The Reviewer's Guide To Game Reviewers

The Reviewer’s Reviewers may only be judged by God (if unavailable, Digital Foundry)
A crop of the key art for the movie The Critic, showing the title below a picture of an elderlIan McKellen in a suit and hat, standing in front of a theatre.
Pictured: what it feels like experiencing review discourse again

This week Larian boss Swen Vincke, a man never short of an opinion, donned the cursed sash of Twitter Main Character with the suggestion that games critics should be subject to their own Metactritic-style judgement, just to see how they like it.

“It’s easy to destroy things, it’s a lot harder to build them," he wrote on X, a platform I’m not going to link to because I don’t want to expose you to all the horrifying footage it contains. "The best critics understand this. Even when they’re being critical, they do their best not to be hurtful.”
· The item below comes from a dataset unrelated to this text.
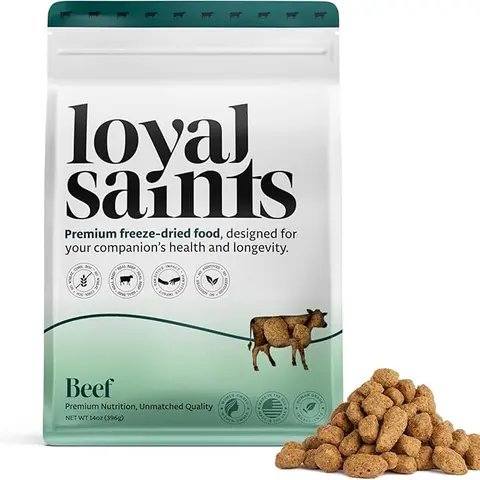 Loyal Saints Premium Freeze-Dried Beef Dog Food 5oz - High Protein, Grain-Free, USDA-Certified Organic Ingredients - Complete Meal Topper & Snack - Made in USA - Dog Nutrition & Treat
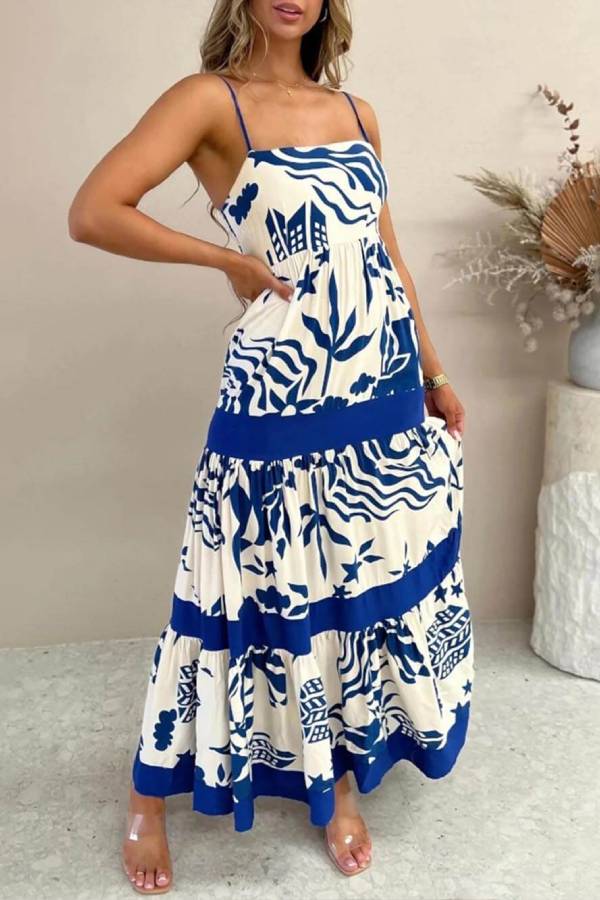 Genesis® | Elegante maxi-jurk met ruches en bloemenprint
An image of a Tweet by Swen Vincke that reads "Sometimes I think it'd be a good idea for critics to be scored, Metacritic-style, based on how others evaluate their criticism. I like to imagine it would encourage a bit more restraint. The harsh words do real damage. You shouldn't have to grow callus on your soul just because you want to publish something."
Never be the Twitter main character.

“Sometimes I think it'd be a good idea for critics to be scored, Metacritic-style, based on how others evaluate their criticism. I like to imagine it would encourage a bit more restraint. The harsh words do real damage. You shouldn't have to grow callus on your soul just because you want to publish something.” He subsequently deleted much of the thread, correctly stating it was being taken out of context, although Edwin has preserved it over on RPS.
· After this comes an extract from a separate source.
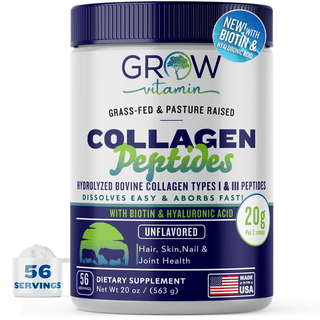 Collagen Peptides - Hair, Skin, Nail, and Joint Support - Type I & III Collagen - All-Natural Hydrolized Protein - 56 Servings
The idea was roundly slated for overlooking the fact that publishing anything, for any audience, opens one up to criticism, and that is as true for writing about videogames as it is about making them. I suspect that game devs feel the sting more acutely because their products take years to create and the barbs are rarer and more painful; those who create #content on the internet get their death threats daily rather than aligned to a release calendar. I agree with Vincke’s assertion that reviews should not take aim at developers personally, but the fatal error was, as ever, to post on social media in general and Twitter specifically. 

Still, too late now. Let us engage with this at face value: how should we review game critics? Allow us to propose a reviewer’s guide of the sort that used to grace the reviews intro page in the magazines of old, by which game reviews are elevated from a mere personal opinion to the rigorously defined metrics of science.

Objectivity (score out of 10)

Table stakes: how close is the reviewer to the game, developer or publisher? Score from 1-10, where 1 is “directly employed by firm associated with game’s creation” and 10 is “never attends industry events, ignores PRs, only receives review code via dead letter box”.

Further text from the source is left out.